Written by Vedika Pathania, a second-year student.
(Meant for kids older than 15. Trigger Warning- Body Image, Depression, Body Dysmorphia, Eating Disorders)
It is a question we knowingly or unknowingly ask ourselves almost daily. And as I sit here writing this, with a mug cake that I just baked, I can say with certainty- No, there is no such thing as a perfect body.
So no matter how much you think that you aren’t how society expects you to be, that you aren’t thin enough, tall enough, too thin, not enough ripped, remember that you are perfect the way you are. Remember how important it is to love yourself and to respect the body that has gotten you through everything. There is no such thing as having a perfect body. The media we consume, the airbrushed models are just fooling us. Like Bruno Mars said, “You’re amazing, just the way you are.”
This is where the concept of diet culture comes in. The point where most of us fall prey to societal norms and expectations is when we don’t understand the difference between a ‘perfect’ and a healthy body.
Diet culture has a lot of different meanings and aspects, but in short, it’s a system of ideas that worships thinness and associates it with health and moral goodness. Consider diet culture to be the lens through which the majority of the world see beauty, health, and our bodies; a lens that influences your judgements and decisions about how you feel about and treat yourself. “In diet culture, there is a given status to those who are slimmer, and it implies that eating in a specific way will result in the appropriate body size — the ‘correct’ body size — and good health, and that it’s attainable for anybody who has the ‘right’ willpower,” according to Judith Matz.
In reality, there is no such thing as “perfect” body size. Go over this sentence again.
Diet critics believe that diet culture hurts everyone who has a body, particularly (but not exclusively) individuals in comparatively bigger bodies. Though healthy bodies exist in all shapes and sizes, our cultural experiences differ dramatically depending on a person’s size — weight stigma and thin privilege are both very real — and no one is immune to diet culture’s stigma. Even individuals with “normal” or slim bodies might have the feeling that they aren’t thin enough in some areas.
This results in so much more than people going on restrictive diets which often strip bodies off of essential nutrients. When one grows up believing that they aren’t perfect, this thought, this self-doubt tends to stick and manifests into depression which further leads to eating disorders such as Bulimia Nervosa and Anorexia.

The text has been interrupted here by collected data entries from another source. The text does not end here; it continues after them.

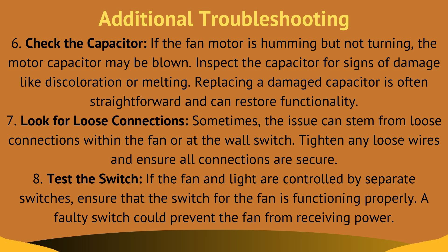Step seven, look for loosened connections. Sometimes the issue can stem from loosened connections within the fan or at the wall switch. Tighten any loose wires and ensure all connections are secure.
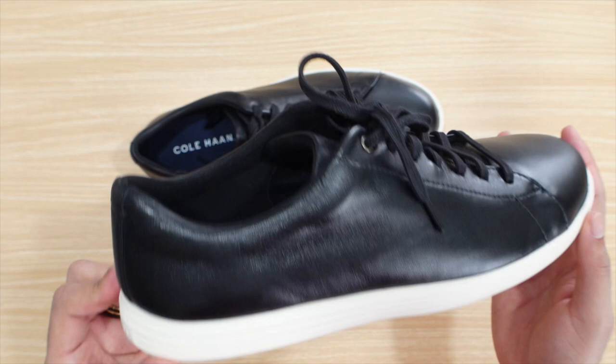As far as the overall fit, quality, and style of this shoe, I highly recommend grabbing a pair of these Kohan Cross-Court 2s. Thank you for watching and I hope you enjoyed this review.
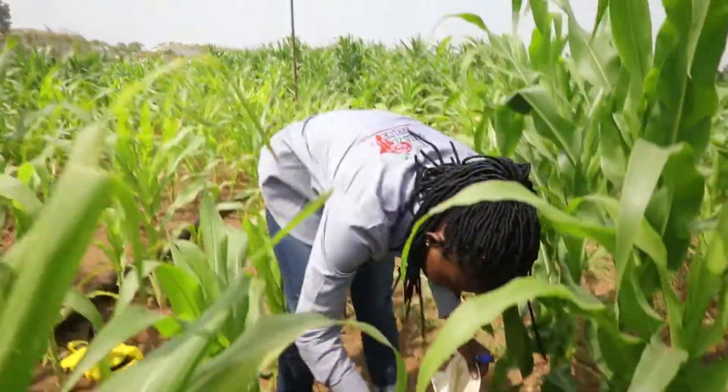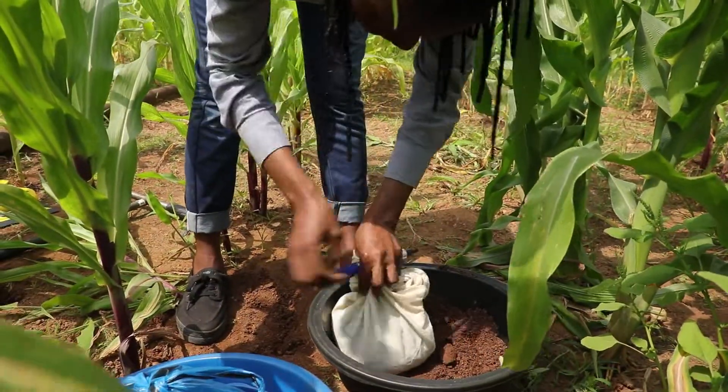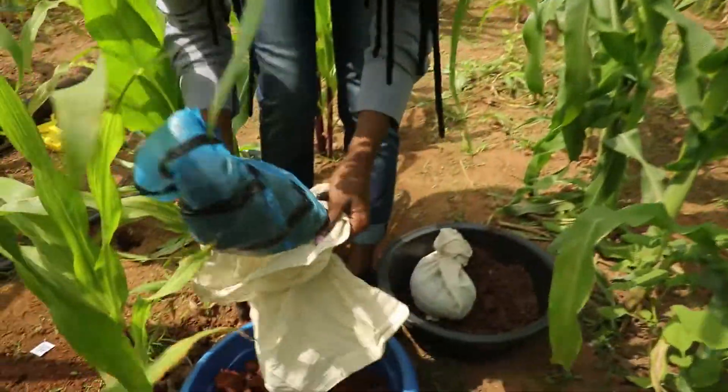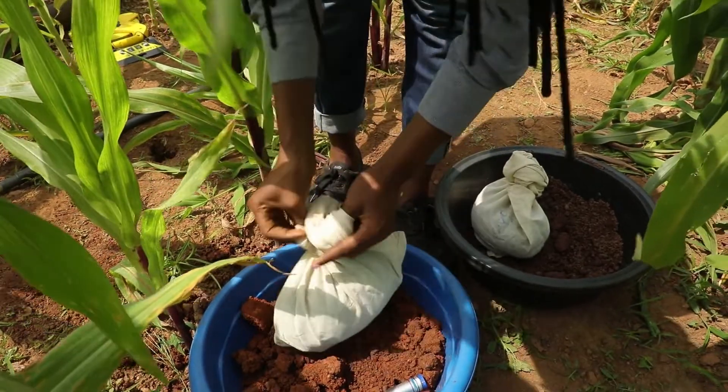Now put the plastic bags with the soil samples into the cloth bags and tie them — staple them if possible. The plastic bags serve to preserve the moisture in the soil sample, while the cloth bag is used to provide sturdiness.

For many individuals, diet culture fosters a destructive way of life, yet because of its pervasiveness, dismantling it can feel frightening and personal. It’s also not anti-health or anti-nutrition to oppose diet culture: just the reverse. The anti-diet movement promotes evidence-based health metrics that aren’t based on body weight. Anti-diet attempts to liberate individuals from policing their bodies every waking moment, wasting time and energy fussing over food choices, calories, macros, and the like. Its goal is to help individuals fill their tummies with the food they desire and need, so they can focus on matters that are far greater and more important than how we look and eat, without being distracted by continual hunger. It enables us to recognise that the key to happiness and freedom is not, as diet culture has long led us to think, locked within a smaller body requiring a “willpower” key.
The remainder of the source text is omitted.